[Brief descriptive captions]
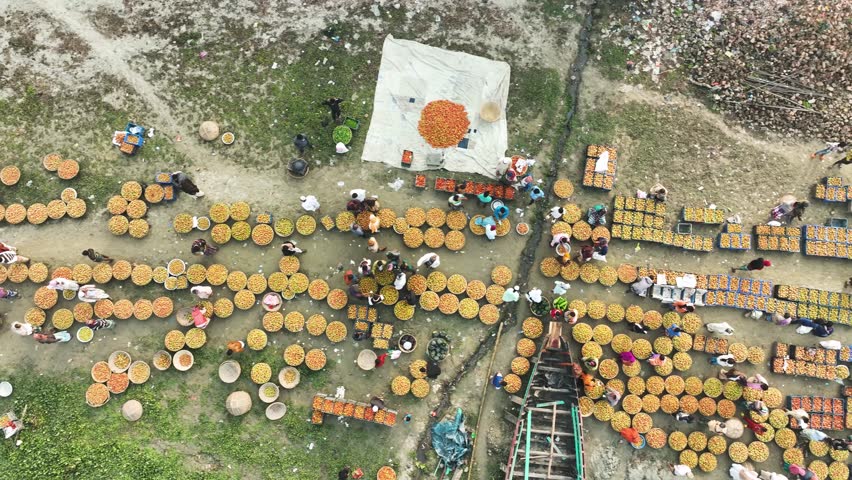 Aerial view of a local food market in Dhaka, Bangladesh.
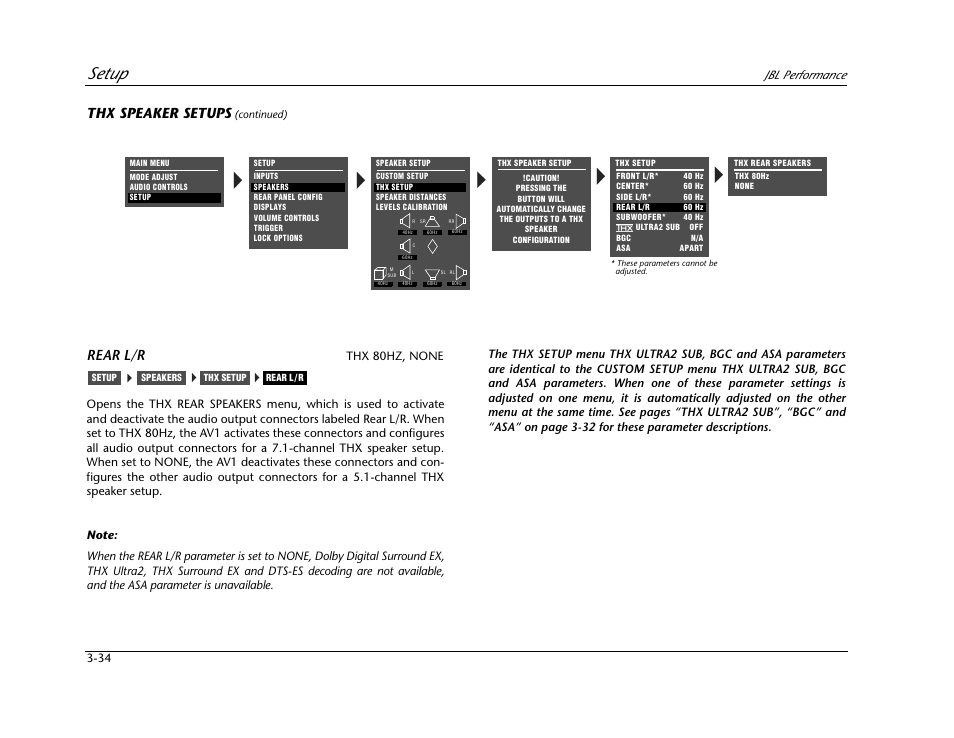 Setup, Thx speaker setups, Rear l/r | Jbl performance | JBL AV1 User Manual | Page 72 / 160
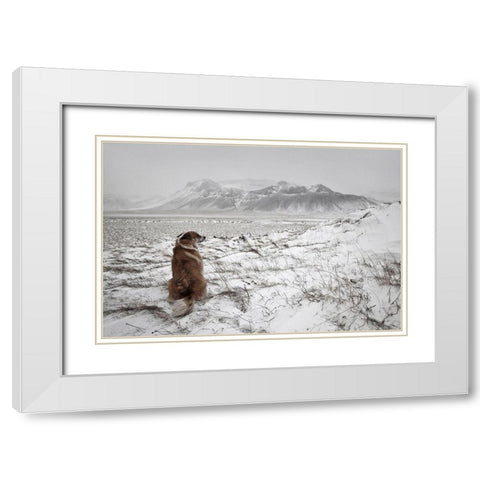 Snowstorm White Modern Wood Framed Art Print with Double Matting by Ingibergsson, Bragi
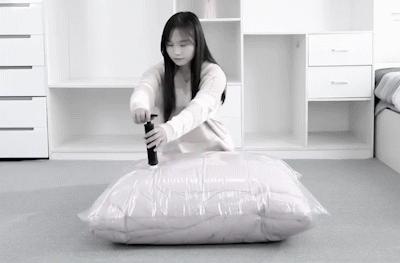 真空压缩袋压缩衣物,不用插电真空收纳压缩袋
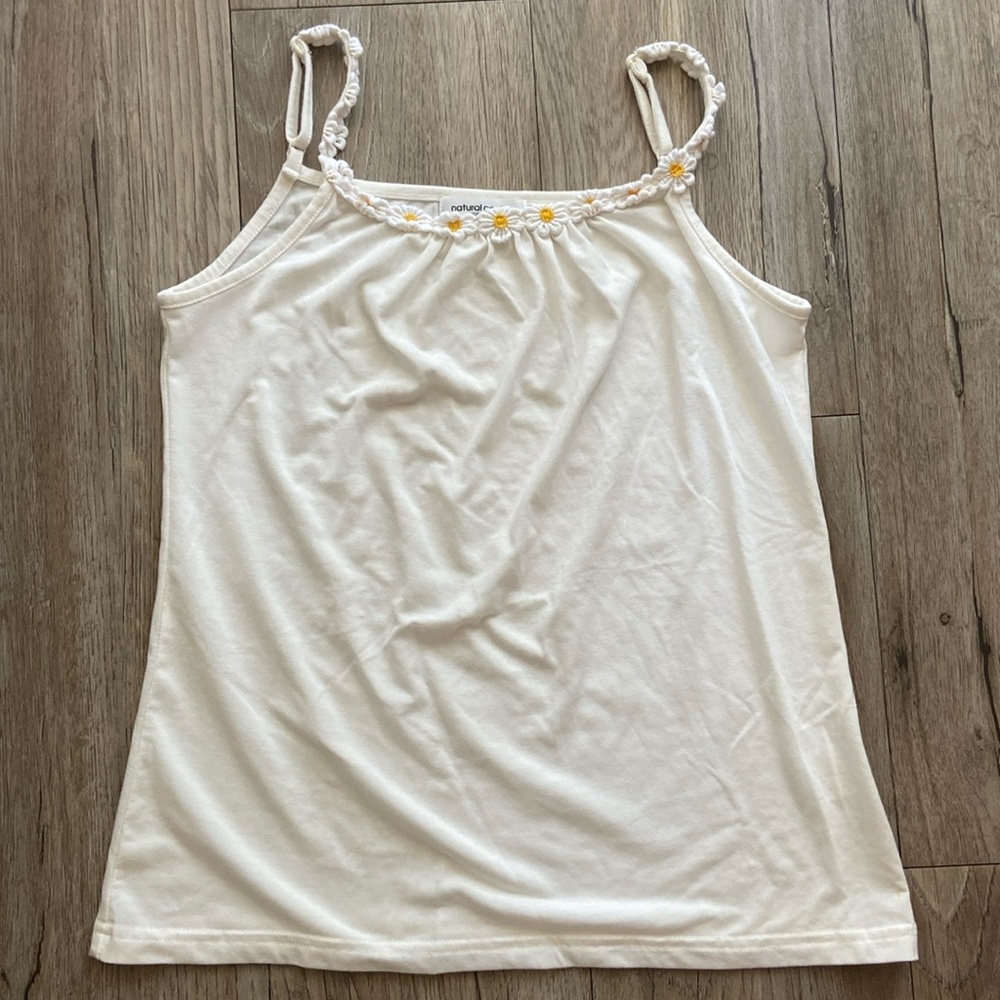 Off-White Coloured Tank Top with Floral Straps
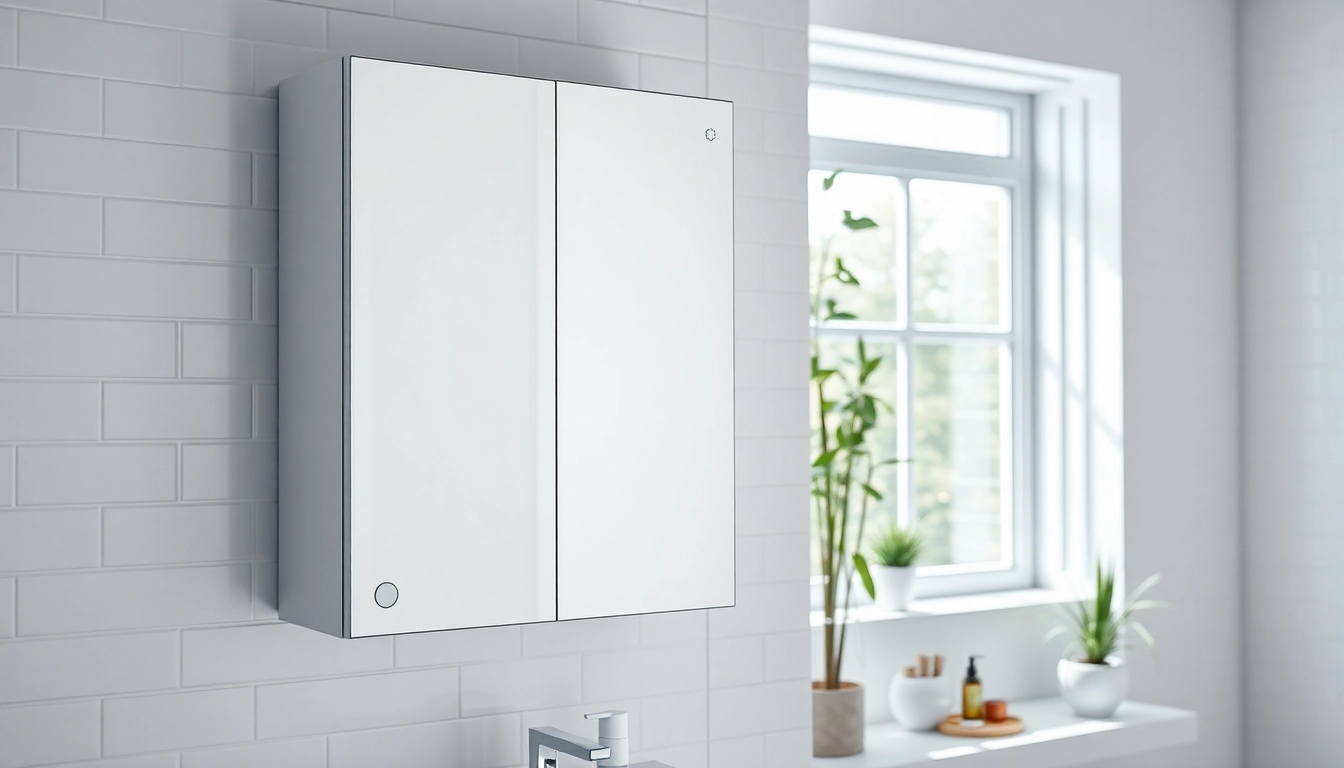 sonni Spiegelschrank mit LED-Beleuchtung in modernem Badezimmer zeigen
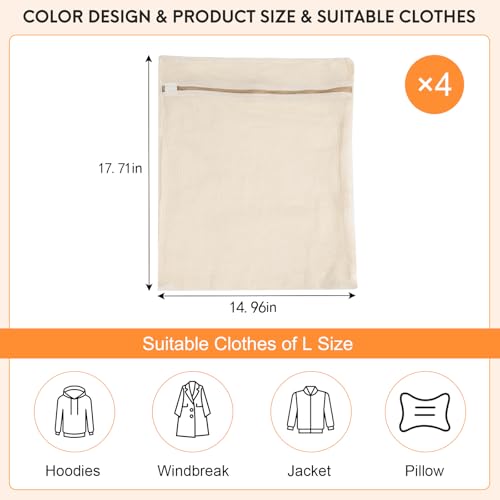 4-Piece Large Durable Organic Cotton Mesh Laundry Bags with Sturdy Zippers and Breathable Mesh are Delicate Laundry Bags for Underwear, Clothes, Pants and Socks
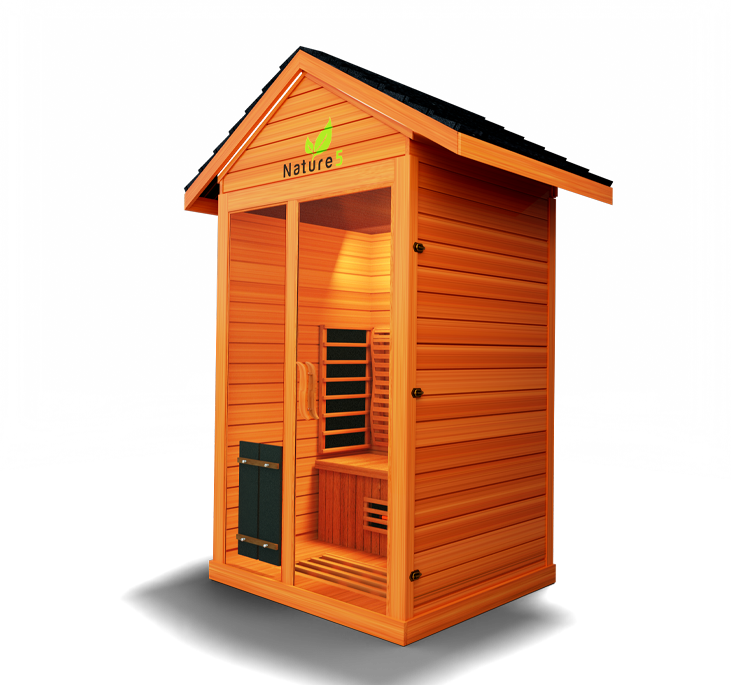  Premium sauna designed with full-spectrum infrared technology, promoting relaxation, detoxification, and overall wellness in a tranquil setting.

What is being asked >> Your answer should be the lines above, word for word, from the line with "真空压缩袋压缩衣物,不用插电真空收纳压缩袋" through the line with "4-Piece Large Durable", minus the pictures.

The completed task >>
 真空压缩袋压缩衣物,不用插电真空收纳压缩袋
 Off-White Coloured Tank Top with Floral Straps
 sonni Spiegelschrank mit LED-Beleuchtung in modernem Badezimmer zeigen
 4-Piece Large Durable Organic Cotton Mesh Laundry Bags with Sturdy Zippers and Breathable Mesh are Delicate Laundry Bags for Underwear, Clothes, Pants and Socks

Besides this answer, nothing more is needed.